---- TASK MATERIAL

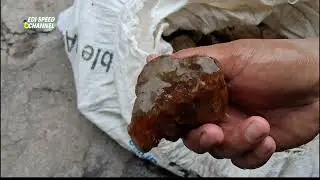 UNBOXING BONGKAHAN DARI LUAR JAWA 1 KARUNG ?#batuakik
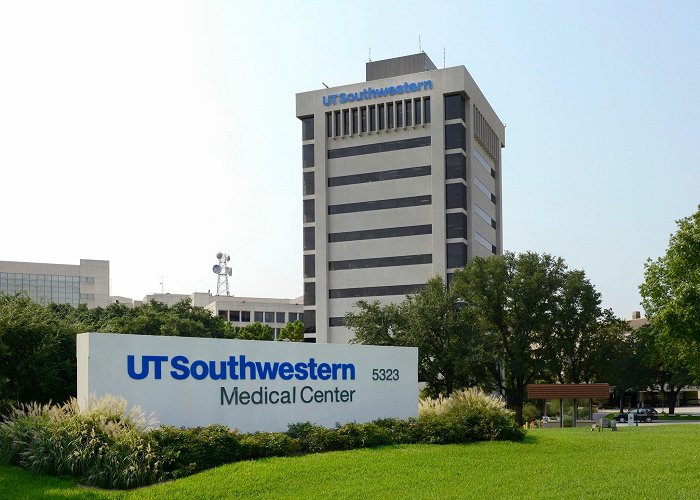 University of Texas Southwestern Medical Center - UTSW Dallas photo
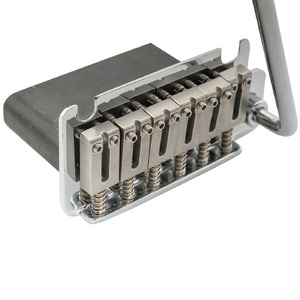 Бридж для гитары Musiclily MX1701CR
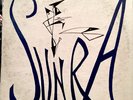 SUN RA Art Forms From Dimension Tomorrow LP SATURN 9956 orig 1965 mono press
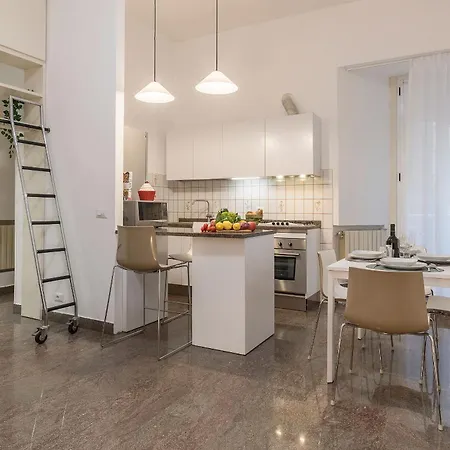 Lejlighed Casa Aurora - Welcometorhome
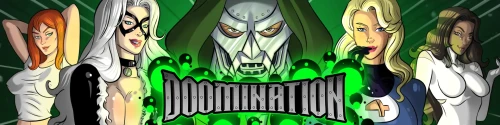 更新[沙盒SLG/同人/动态] 毁灭 统治 Doomination v0.4.2  汉化版+作弊码 [PC+安卓3.40G]-ACG游戏姬
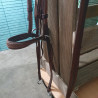 Bridon Bitless Western Cheval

--------

### WORK REQUIRED
If a picture appears among the entries, omit it and reproduce everything else exactly.

### ANSWER FOR THIS EXERCISE
 UNBOXING BONGKAHAN DARI LUAR JAWA 1 KARUNG ?#batuakik
 University of Texas Southwestern Medical Center - UTSW Dallas photo
 Бридж для гитары Musiclily MX1701CR
 SUN RA Art Forms From Dimension Tomorrow LP SATURN 9956 orig 1965 mono press
 Lejlighed Casa Aurora - Welcometorhome
 更新[沙盒SLG/同人/动态] 毁灭 统治 Doomination v0.4.2  汉化版+作弊码 [PC+安卓3.40G]-ACG游戏姬
 Bridon Bitless Western Cheval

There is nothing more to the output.